Mary Katherine’s presentation on April 5th was titled, “From Reed Class of ’91 to Developing Pro-Fluorescent Assays at a Biotech Startup”. Mary captivated her Reed audience with her personal and chemical history that spanned three decades, multiple generations of the Raymond and Johansson families, and research projects ranging from 15N NMR to protein photophysics.

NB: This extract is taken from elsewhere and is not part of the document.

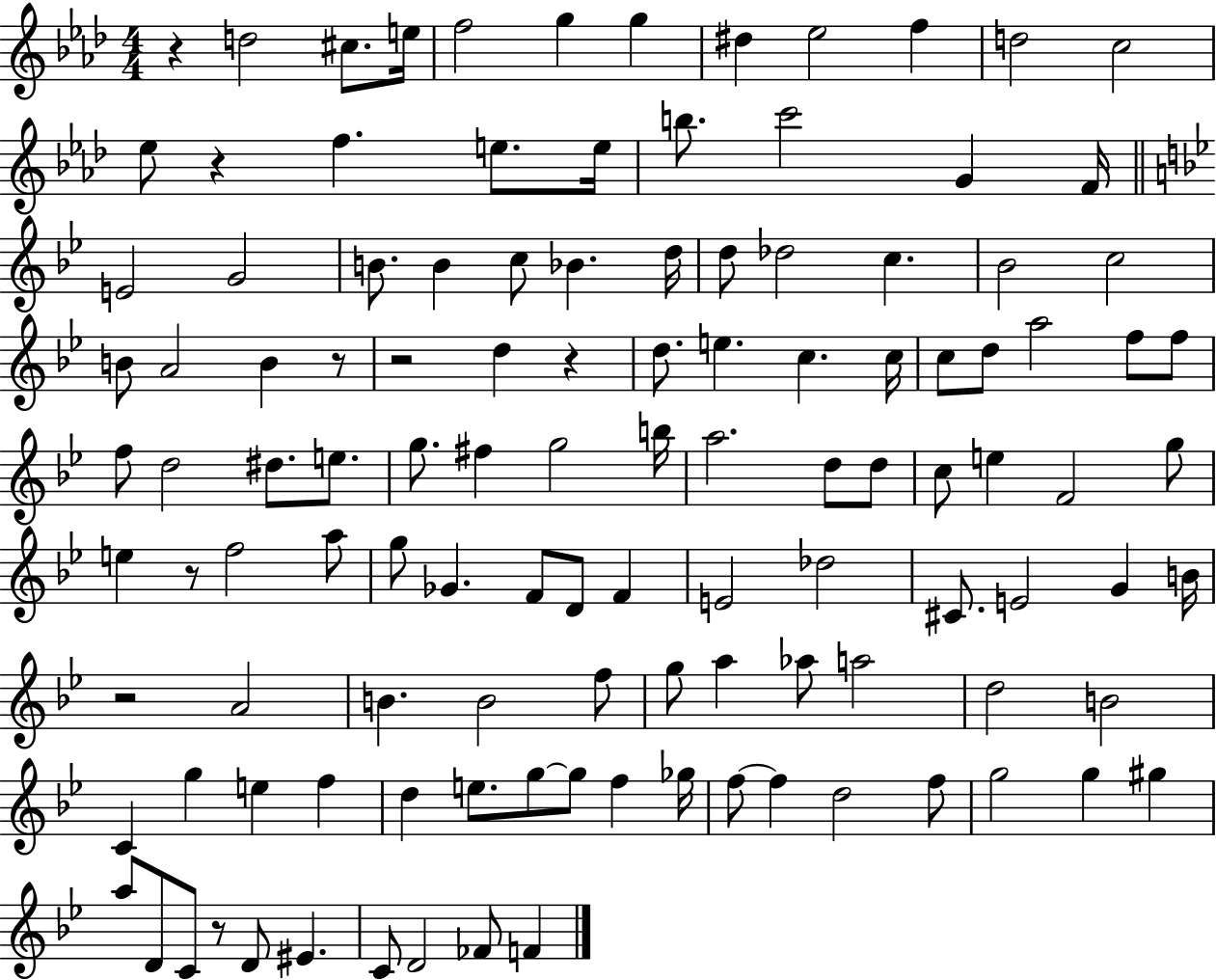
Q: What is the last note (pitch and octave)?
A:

Mary told her story chronologically beginning with her early days as a Reed offspring on campus that still lacked the “new” chemistry building. Both of her parents (Raymonds) are Reed alums, chemists, and academics. Her Reed career culminated in a most unusual off-campus thesis conducted at Caltech under the direction of Prof. John D. Roberts (thesis title: “An investigation of T1 and nuclear Overhauser enhancement of 15N in histidine”). Tom Dunne, who had taught chemistry to both of Mary’s parents many years before, served as Mary’s academic advisor throughout her Reed career and personally shepherded her unorthodox thesis request through all of the ‘old Reed’ administrative hurdles.

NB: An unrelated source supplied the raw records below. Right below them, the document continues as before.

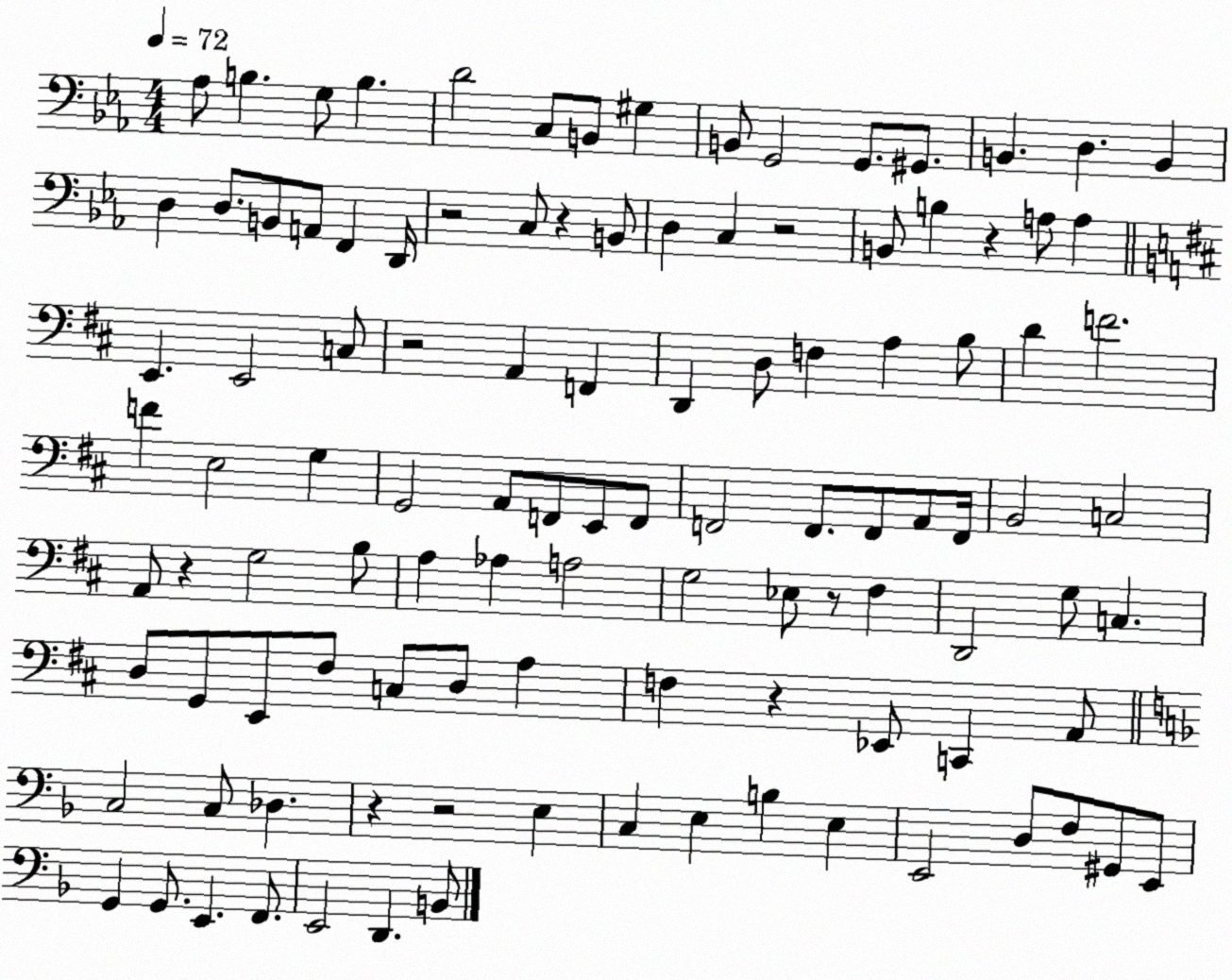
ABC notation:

X:1
T:Untitled
M:4/4
L:1/4
K:Eb
_A,/2 B, G,/2 B, D2 C,/2 B,,/2 ^G, B,,/2 G,,2 G,,/2 ^G,,/2 B,, D, B,, D, D,/2 B,,/2 A,,/2 F,, D,,/4 z2 C,/2 z B,,/2 D, C, z2 B,,/2 B, z A,/2 A, E,, E,,2 C,/2 z2 A,, F,, D,, D,/2 F, A, B,/2 D F2 F E,2 G, G,,2 A,,/2 F,,/2 E,,/2 F,,/2 F,,2 F,,/2 F,,/2 A,,/2 F,,/4 B,,2 C,2 A,,/2 z G,2 B,/2 A, _A, A,2 G,2 _E,/2 z/2 ^F, D,,2 G,/2 C, D,/2 G,,/2 E,,/2 ^F,/2 C,/2 D,/2 A, F, z _E,,/2 C,, A,,/2 C,2 C,/2 _D, z z2 E, C, E, B, E, E,,2 D,/2 F,/2 ^G,,/2 E,,/2 G,, G,,/2 E,, F,,/2 E,,2 D,, B,,/2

The next “chemistry” step for Mary was graduate school at the University of Colorado with photochemist Josef Michl leading to a Ph.D. which gave her considerable hands-on experience constructing experimental apparatus. The confidence that came from this training paid off well. After a productive biochemistry postdoc Sweden, Mary returned to California for her first “real” job. She became employee #17, and also the entire R&D department of biochem startup, Biosearch Technologies (Novato, CA), where she soon produced results on fluorescence quenchers that were both publishable and patentable.

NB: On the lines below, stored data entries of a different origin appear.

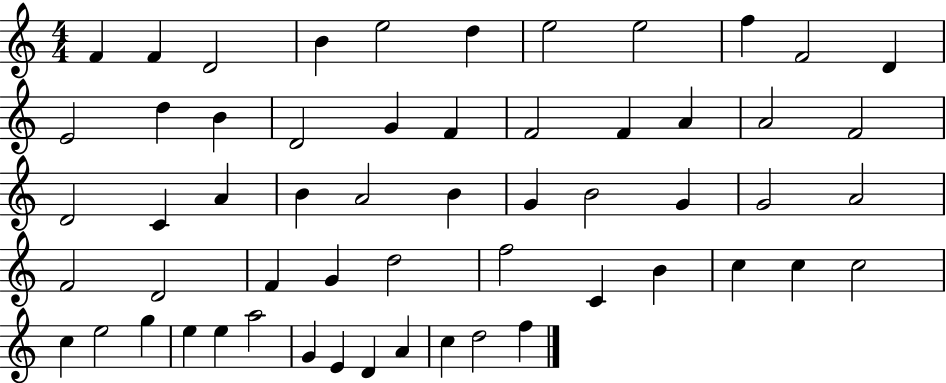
{
  \clef treble
  \numericTimeSignature
  \time 4/4
  \key c \major
  f'4 f'4 d'2 | b'4 e''2 d''4 | e''2 e''2 | f''4 f'2 d'4 | \break e'2 d''4 b'4 | d'2 g'4 f'4 | f'2 f'4 a'4 | a'2 f'2 | \break d'2 c'4 a'4 | b'4 a'2 b'4 | g'4 b'2 g'4 | g'2 a'2 | \break f'2 d'2 | f'4 g'4 d''2 | f''2 c'4 b'4 | c''4 c''4 c''2 | \break c''4 e''2 g''4 | e''4 e''4 a''2 | g'4 e'4 d'4 a'4 | c''4 d''2 f''4 | \break \bar "|."
}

Sweden also marked a turning point in Mary’s personal life. She arrived there a Raymond, and left as part of another family, the Johanssons (if you’re interested in looking for Mary’s research publications, there are four pre-2001 papers published under Raymond; newer publications carry the Johansson label). Mary and her husband still live in the San Francisco Bay region with their two children, a son and daughter. And, who knows, perhaps their offspring will attend Reed someday too?